At least 805 others were injured in the stampede, which took place on Street 204 of the camp city at Mina, a few kilometres east of Mecca, where pilgrims stay for several days during the climax of the haj.
The pilgrimage, the world's largest annual gathering of people, has been the scene of deadly disasters in the past, including stampedes, tent fires and riots.
Safety during haj is a politically sensitive issue for the kingdom's ruling Al Saud dynasty, which presents itself internationally as the guardians of orthodox Islam and custodians of its holiest places in Mecca and Medina.
The government has spent billions of dollars upgrading and expanding haj infrastructure and crowd control technology in recent years, and the last big deadly incident took place in 2006 when at least 346 pilgrims died in a stampede.
Street 204 is one of the two main arteries leading through the camp at Mina to Jamarat, where pilgrims ritually stone the devil by hurling pebbles at three large pillars. Jamarat was also the site of the 2006 disaster and several other past ones.
An Arab pilgrim who did not want to give his name said he had hoped to perform the stoning ritual later on Thursday afternoon but was now too frightened to risk doing so.
"I am very tired already and after this I can't go. I will wait for the night and if it not resolved, I will see if maybe somebody else can do it on my behalf," he said.
Reuters reporters in another part of Mina said they could hear police and ambulance sirens, but that roads leading to the site of the disaster had been blocked.
Ambulances
Photographs published on the Twitter feed of the Saudi civil defence showed pilgrims lying on stretchers while emergency workers in high-visibility jackets lifted them into an ambulance.

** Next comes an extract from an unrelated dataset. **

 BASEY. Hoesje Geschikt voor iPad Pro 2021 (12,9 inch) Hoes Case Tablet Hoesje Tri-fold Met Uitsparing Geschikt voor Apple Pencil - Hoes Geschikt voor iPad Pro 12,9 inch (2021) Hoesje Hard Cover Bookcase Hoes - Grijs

It said more than 220 ambulances and 4,000 rescue workers had been sent to the stampede's location to help the injured. Saudi-owned Al-Arabiya television channel showed a convoy of ambulances driving through the Mina camp.
"Work is underway to separate large groups of people and direct pilgrims to alternative routes," the Saudi Civil Defence said on its Twitter account.
Efforts to improve safety at Jamarat have included enlarging the three pillars and constructing a triple-decker bridge around them to increase the area and number of entry and exit points for pilgrims to perform the ritual.
More than 100,000 police and thousands of video cameras are also deployed to allow groups to be dispersed before they reach dangerous levels of density.
"Please pilgrims do not push one another. Please leave from the exit and don't come back by the same route," an officer kept repeating through a loudspeaker at Jamarat.
Two weeks ago 110 people died in Mecca's Grand Mosque when a crane working on an expansion project collapsed during a storm and toppled off the roof into the main courtyard, crushing pilgrims underneath.